● **Instructions for the task**: When you reach the line with "free-excel-templates-for-business-download-prosecution2012" in the data below, begin printing lines exactly, and stop once the line with "Picture of 1968" has been printed.

● **Data in this exercise**:
------------------------------------

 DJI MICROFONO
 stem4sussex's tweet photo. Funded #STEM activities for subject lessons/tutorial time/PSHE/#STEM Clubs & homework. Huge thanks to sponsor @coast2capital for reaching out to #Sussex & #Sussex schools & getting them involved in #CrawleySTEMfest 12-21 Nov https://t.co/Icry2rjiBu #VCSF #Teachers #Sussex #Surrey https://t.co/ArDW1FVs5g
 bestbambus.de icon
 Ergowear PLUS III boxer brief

------------------------------------

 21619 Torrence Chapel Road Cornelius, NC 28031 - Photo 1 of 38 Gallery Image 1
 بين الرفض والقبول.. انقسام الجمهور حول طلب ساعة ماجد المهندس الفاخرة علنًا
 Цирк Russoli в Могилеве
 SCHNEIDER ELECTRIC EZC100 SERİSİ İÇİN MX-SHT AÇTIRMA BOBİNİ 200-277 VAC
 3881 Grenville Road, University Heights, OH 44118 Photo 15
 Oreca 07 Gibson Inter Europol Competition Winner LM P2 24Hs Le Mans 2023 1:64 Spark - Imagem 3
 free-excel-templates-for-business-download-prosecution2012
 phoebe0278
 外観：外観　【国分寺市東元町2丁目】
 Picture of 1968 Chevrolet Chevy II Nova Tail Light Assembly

------------------------------------

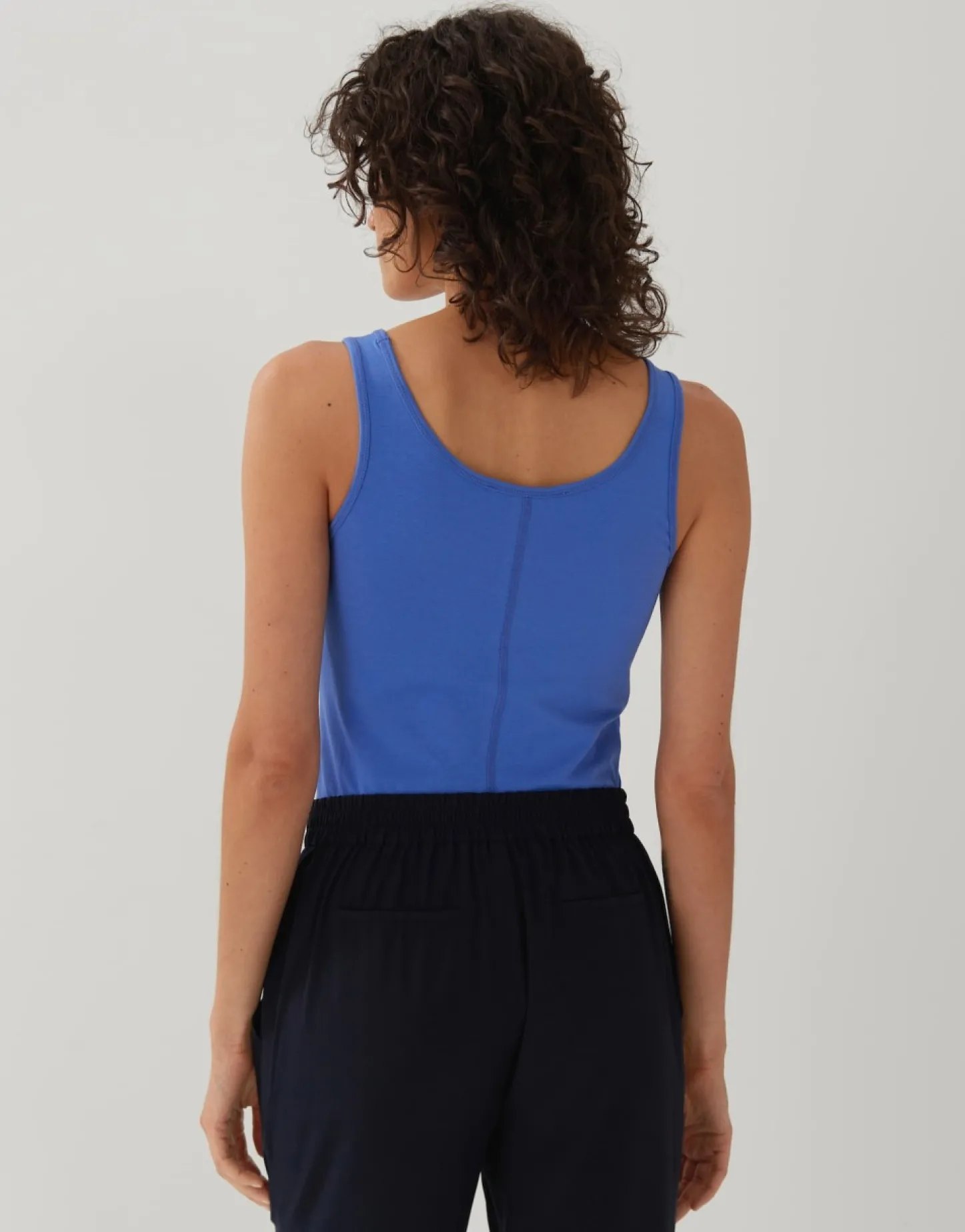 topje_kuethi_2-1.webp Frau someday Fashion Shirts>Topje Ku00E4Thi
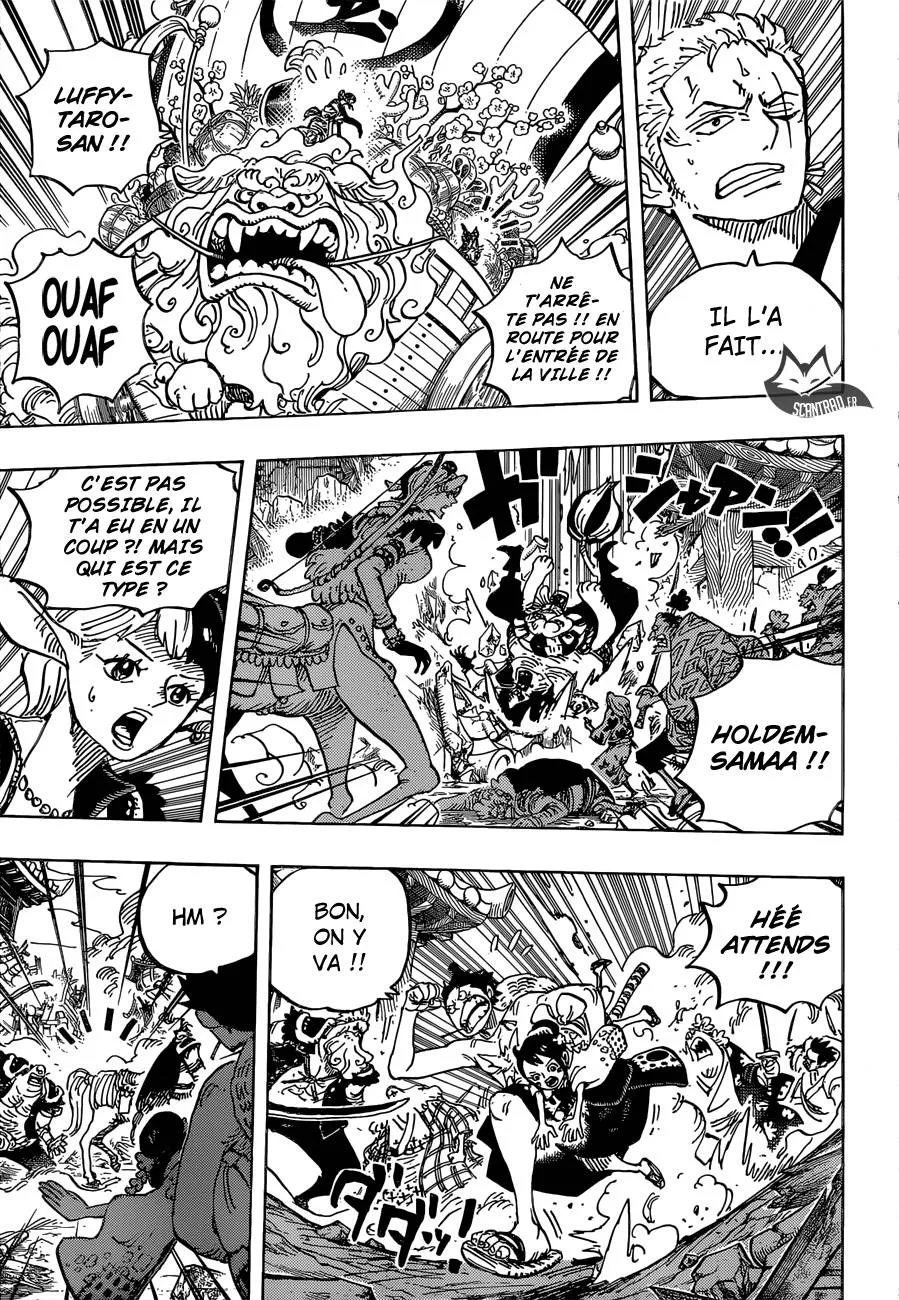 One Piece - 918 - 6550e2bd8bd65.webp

------------------------------------

● **Written response**:
 free-excel-templates-for-business-download-prosecution2012
 phoebe0278
 外観：外観　【国分寺市東元町2丁目】
 Picture of 1968 Chevrolet Chevy II Nova Tail Light Assembly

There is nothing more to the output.